Stark Announces He Doesn't Believe In God

Democratic Rep. Pete Stark today became the highest-ranking elected U.S. official to declare that he did not believe in a higher being, the Los Angeles Times reports.

Rep. Pete Stark

The California lawmaker, described as Unitarian in the 2006 edition of the Almanac of American Politics (subscription), is one of the body's more liberal members. He is also from the very liberal Bay area, so his declaration is unlikely to make waves in his district, let alone the rest of the country.

But a self-avowed atheist running for higher office would have a much harder time, polls indicate. A Gallup/USA Today survey (subscription) conducted last month showed just 45 percent of respondents saying they would vote for a "well-qualified" non-believer.
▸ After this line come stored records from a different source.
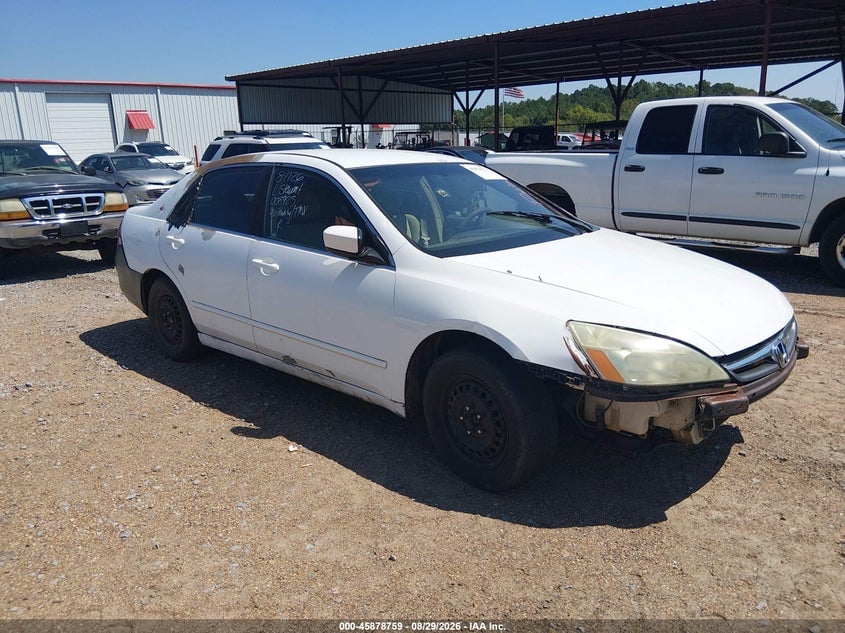 2007 HONDA ACCORD 2.4 LX | 1HGCM56447A008925 | UPCARS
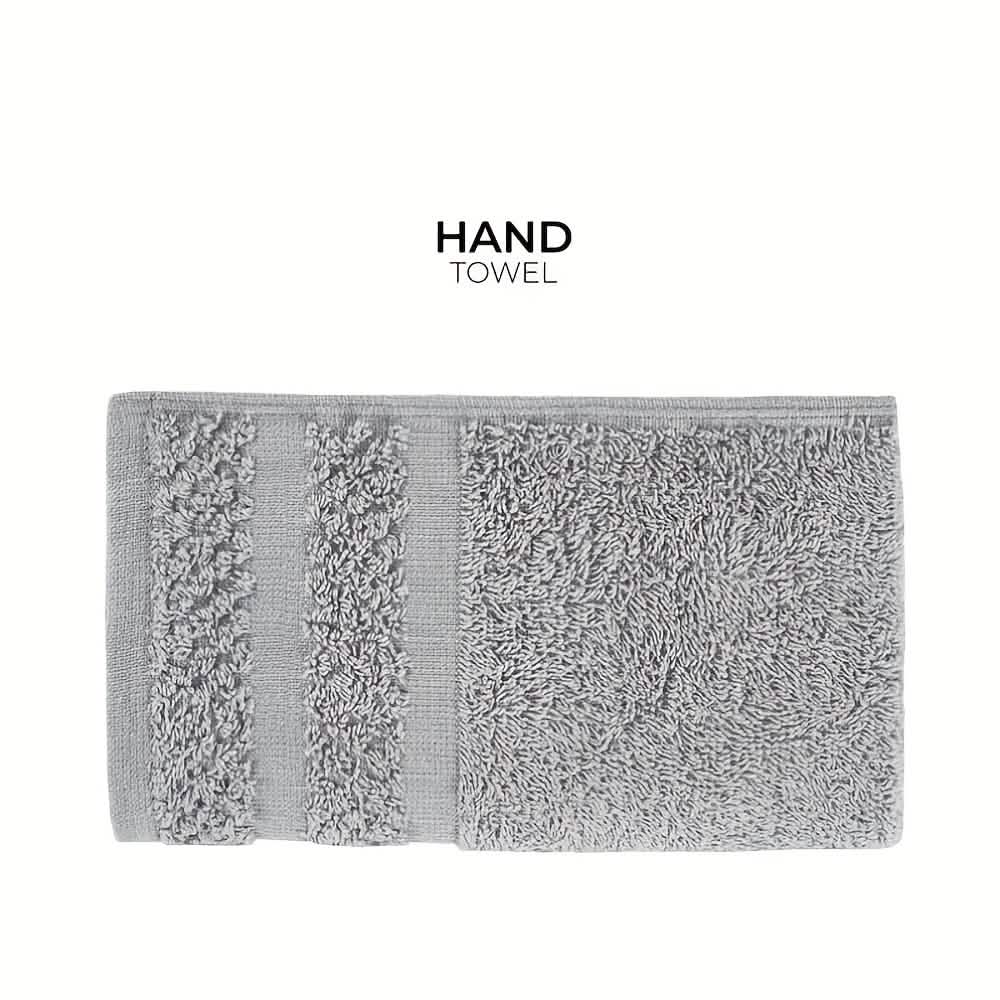 Gray Cotton Bath Towel Set (10–32 pcs) - PhishStones Products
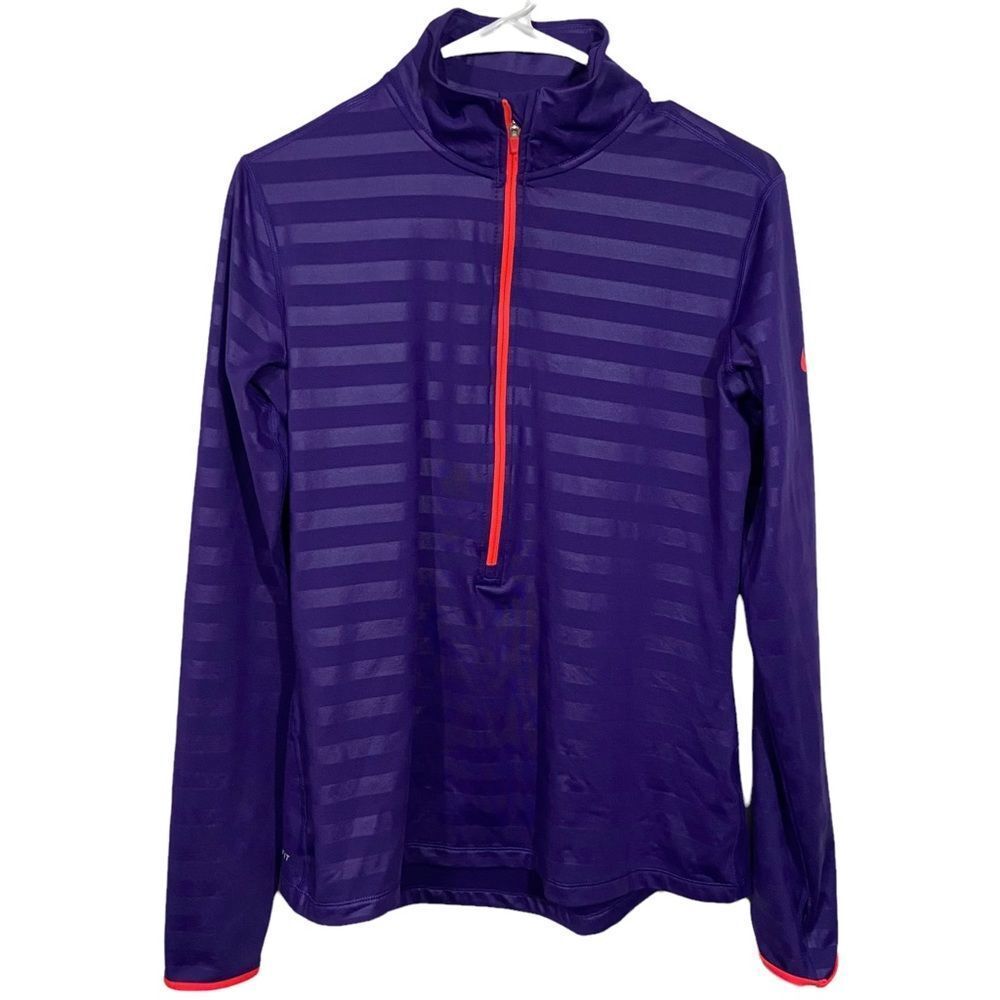 Nike Pro Half Zip Pullover Activewear Jacket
And in an October survey (subscription), Gallup respondents overwhelmingly agreed Americans weren't ready to elect an atheist.

Unitarian Universalism has roots in the Judeo-Christian tradition, but members "believe that personal experience, conscience and reason should be the final authorities in religion, and that in the end religious authority lies not in a book or person or institution, but in ourselves," according to a statement on the Unitarian Universalist Association's Web site.
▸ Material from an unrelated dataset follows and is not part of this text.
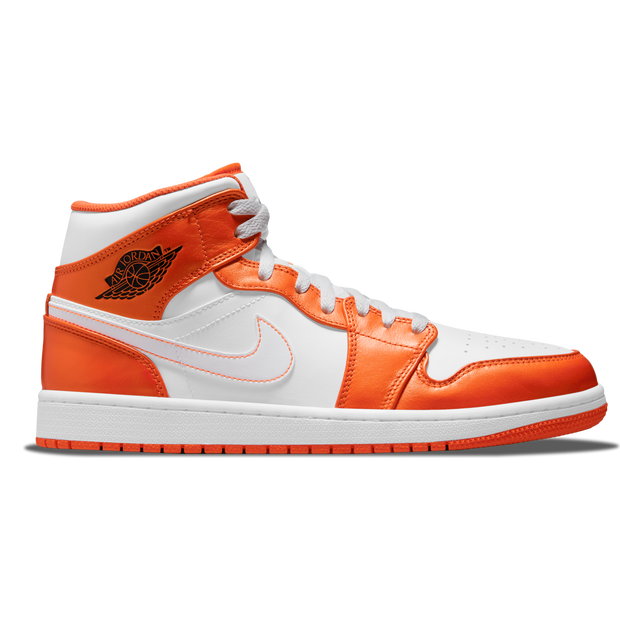 Jordan 1 Mid Metallic Orange - DM3531-800
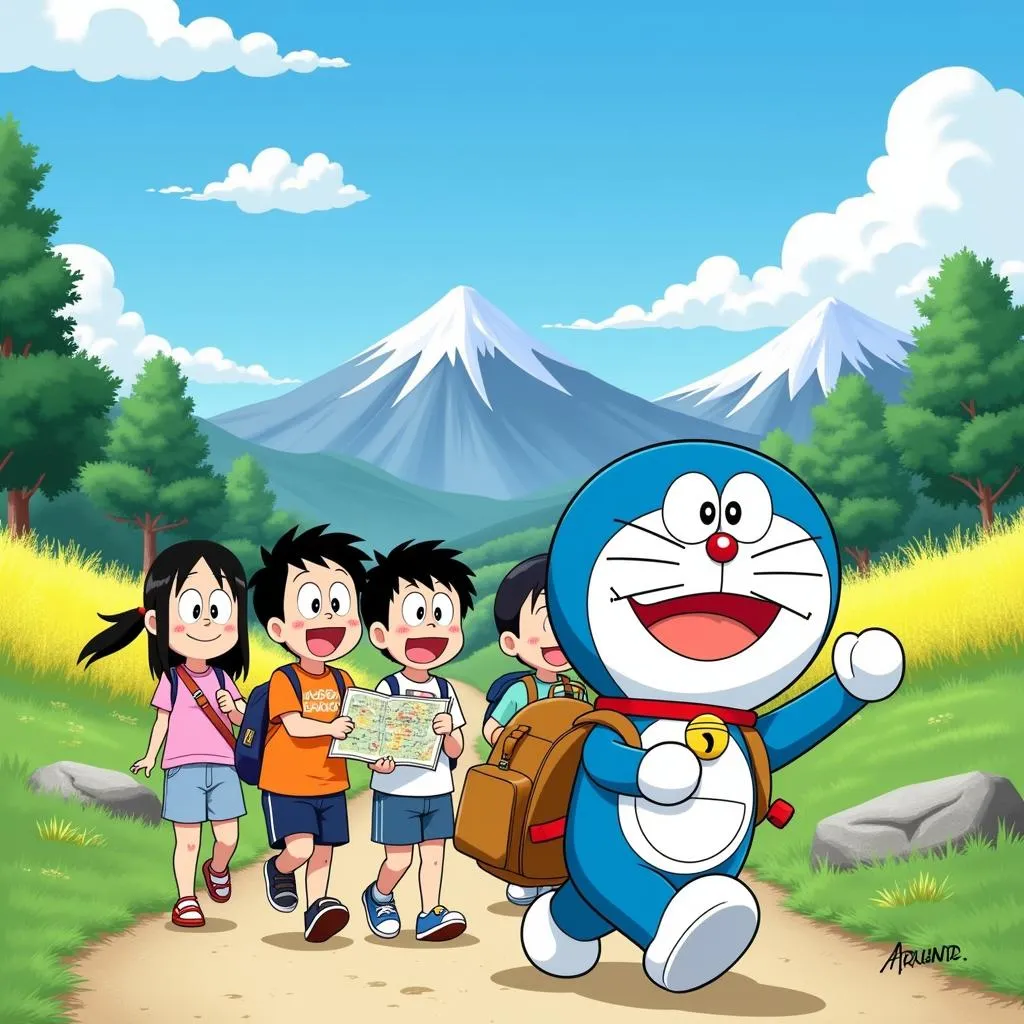 Doraemon và nhóm bạn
In a time when religious divisions are fueling many of the world's major conflicts, the description of the Unitarian church sounds like a resort by comparison. But the 76-year-old Stark has often been anything but a calming presence on the House floor. In the summer of 2003, Stark butted heads with Rep. Scott McInnis, saying to the Colorado Republican, "You little fruitcake. I said you are a fruitcake." Eventually, Capitol Police were summoned to quash the skirmish. Stark later denied the remarks had anything to do with homosexuality.

The episode is one among several that have made Stark a favorite target of conservative bloggers. But shortly after the "fruitcake" episode, the hardly conservative San Francisco Chronicle weighed in on the lawmaker's "buffoonery" and lambasted him as "a politician who assumes he has a job for life."